What do you see as the main differences between an inpatient care plan and a discharge plan?
Part I: Referring to the inpatient care plan and discharge plan examples in the module resources, discuss the following:
- What do you see as the main differences between an inpatient care plan and a discharge plan? What might be included in one but not the other?
- Which sections of the inpatient care plan and discharge plan might contain the most relevant information for human services professionals and why?
In response to your peers, expand on what your classmates highlighted about the different plans and compare that to the information in the case study provided in the Final Project Guidelines and Rubric document.

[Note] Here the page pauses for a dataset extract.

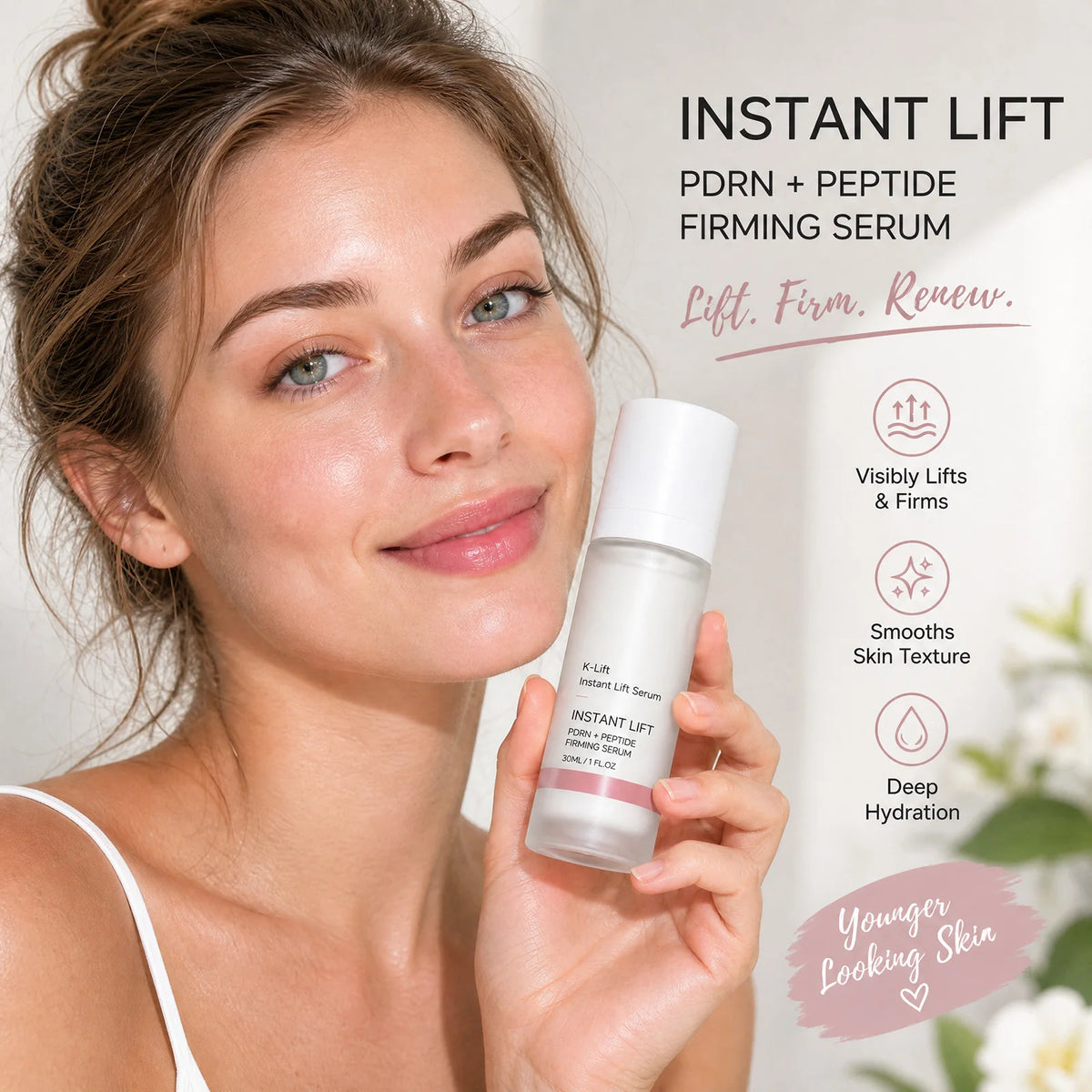 VIARELINE PDRN Peptide Lifting Serum – Firming & Brightening Facial Serum Nixie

Response to students in first person
Example. Hi Tiffany, I agree with you. I think the topic is etc.
Student A-Jessica Costa,
So when I look at both charts I noticed that the inpatient plan shares the history of the patient and the family history as well and I didn’t noticed that in the discharge plan chart. I also noticed that one chart had the patient’s pills chart where the other chart didn’t have that information (Sackett, 2000). The main difference is that the inpatient care plan is supposed to show the patient’s medical history and their symptoms and all the medicine that they take to help them cope with their health problems. Whereas, the discharge plan is supposed to show how their visit went and what the doctor did that day and make a list of new medication the doctor put them on that visit. A discharge plan is all about what happened throughout your stay at the hospital or visit to the doctor.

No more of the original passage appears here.